Thermal energy storage is the present and future of the widespread integration and sustainability of renewable energy in this era of energy transition and a solution to the balance in energy demand and supply at different peak levels. A wind energy system combined with thermal energy storage deals with one of the major challenges in the use of wind and other renewable energy sources, that is, their variability.
This work had two main focus, the first was to optimise a time and size scale for thermal energy storage options, that is, hot water sensible heat storage, latent heat storage with PCMs and thermochemical heat storage. Research was carried out into the various storage options to determine relevant factors such as their storage capacities, power, efficiencies, storage periods and potential costs. The optimization results indicated that for medium to long term storage applications (days to months) with low storage capacities hot water sensible heat storage is more suitable, for short to long term storage applications (hours to months) with high storage capacities latent heat storage using PCMs is more suitable and for short to medium term storage applications (hours to days) with even high storage capacities thermochemical heat storage is more suitable.
The second focus was to determine a liquid storage material that will be the most suitable thermal storage material in terms of energy storage capacity, storage volume/size, and storage cost.
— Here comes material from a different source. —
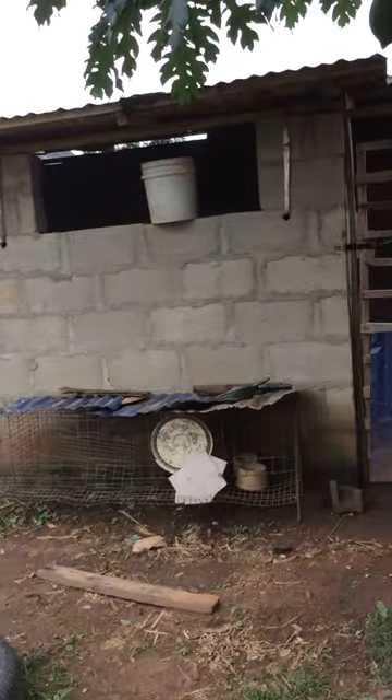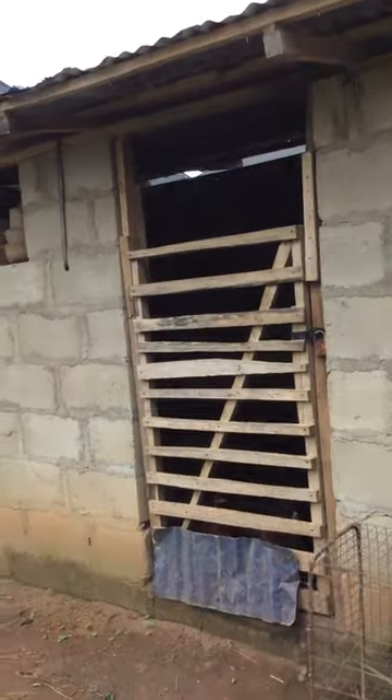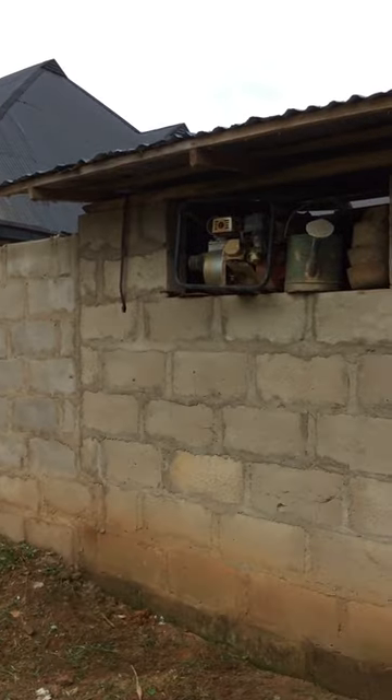In this video I want to show you a simple goat house design that we made for our goat, which will really help you. You can see our perimeter fence, and then we built some — you can see that.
This analysis was made for water (Hot water), thermal oil (Therminol VP-1) and molten salt (Hitec salt) based on a 117.3 MW Metsälä wind farm in Kristiinankaupunki, Finalnd. The analysis of the material properties such as minimum and maximum temperature, volume, density, specific heat capacity and cost per/kWh indicated that interms of storage capacity, storage volume/size and storage cost, molten salt (Hitec) is the most suitable thermal storage material among the three materials analysed.